Role of Culture in an Organisation
Organisational culture is very important in binding the employees together to attain organisational effectiveness. Following are the different functional roles played by culture in an organisation:
1) Acts as Talent Attractor: For a prospective employee, organisational culture is an important factor to be considered before joining any organisation. Hence, it has become very difficult to find talented employees and those who are available have become very selective in their choice. They demand something more than higher packages, perks and incentives. They desire an environment where they can feel comfortable and become successful. In such a situation, good organisational culture helps draw excellent and promising employees.

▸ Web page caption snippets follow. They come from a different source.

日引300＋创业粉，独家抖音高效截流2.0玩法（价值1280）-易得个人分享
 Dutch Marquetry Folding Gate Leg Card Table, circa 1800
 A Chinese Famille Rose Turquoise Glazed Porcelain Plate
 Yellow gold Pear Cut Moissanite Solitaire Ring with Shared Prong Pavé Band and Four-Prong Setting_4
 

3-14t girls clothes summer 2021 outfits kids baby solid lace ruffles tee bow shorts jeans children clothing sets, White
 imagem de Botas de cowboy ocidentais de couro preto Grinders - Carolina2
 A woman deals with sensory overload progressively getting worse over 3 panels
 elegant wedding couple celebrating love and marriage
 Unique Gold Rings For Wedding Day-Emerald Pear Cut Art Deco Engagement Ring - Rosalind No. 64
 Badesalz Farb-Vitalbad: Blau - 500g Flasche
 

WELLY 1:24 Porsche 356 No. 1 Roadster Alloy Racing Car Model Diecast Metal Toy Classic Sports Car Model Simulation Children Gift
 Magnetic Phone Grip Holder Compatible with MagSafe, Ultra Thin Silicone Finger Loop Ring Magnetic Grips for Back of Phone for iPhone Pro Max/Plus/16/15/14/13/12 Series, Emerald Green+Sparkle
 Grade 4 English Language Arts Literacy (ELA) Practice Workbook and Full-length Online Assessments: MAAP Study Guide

2) Engages People: Organisational culture allows employees to be involved in their work. This results in greater productivity and hence increases the profitability of the organisation.
3) Creates Greater Synergy: A strong culture makes. It gives people a chance to come together and interact with others in a better manner thus, leading to new relationships. These relationships will facilitate the development of new and more creative ideas and hence increase synergy in employees’ work which in turn enhances productivity. It is rightly believed that 1+1+right culture= more than 10.
4) Makes Everyone more Successful: Every individual can become successful by investing proper time, and talent and focusing on the culture of the organisation. A good culture is not only beneficial for employees but also builds good business thinking.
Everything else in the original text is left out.